What is meant by metadata in the context of a Data warehouse? Explain different types of metadata stored in a data warehouse.
Metadata are data about data.When used in a data warehouse, metadata are the data that define warehouse objects.
Metadata are created for the data names and definitions of given warehouse.
Additional metadata are created and captured for timestamping any extracted data, the source of the extracted data and missing fields that have been added by data cleaning or integration process.
Metadata acts as a directory. This directory helps the decision support system to locate the contents of a data warehouse.
Metadata is the road map to a data warehouse.
Metadata can be broadly categorized into three types:
Business Metadata: It has the data ownership information, business definition and changing policies.
Technical Metadata: It includes database system names, table and column names and sizes, data types and allowed values.
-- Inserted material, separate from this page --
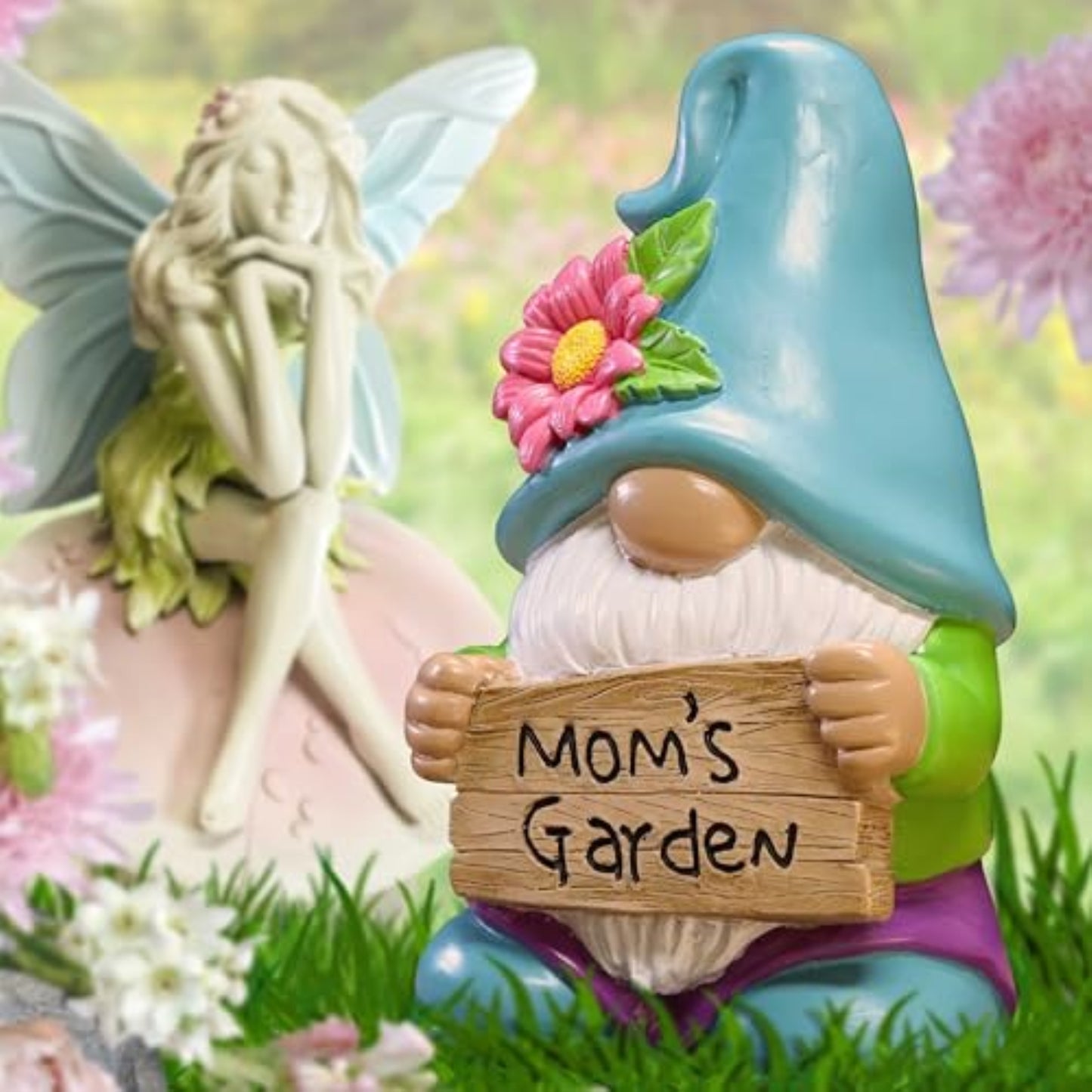 Spoontiques Mom's Garden Gnome Decorative Resin Garden Statue Indoor or Outdoor Patio Garden Accessory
It also includes structural information such as primary and foreign key attributes and indices.
Operational Metadata: It includes currency of data and data lineage. Currency of data means whether the data is active, archived or purged. Lineage of data means the history of data migrated and transformation applied on it.
Metadata play a very important role than other data warehouse data and are important for many reasons. For example, metadata are used as a directory to help the decision support system analyst to locate the contents of the data warehouse and as a guide to the data mapping when data are transformed from the operational environment to the data warehouse environment.
Metadata also serve as a guide to the algorithms used for summarization between the current detailed data and the lightly summarized data, and between the lighly summarized data and higly summarized data.
Metadata should be stored and managed persistently (i.e., on disk).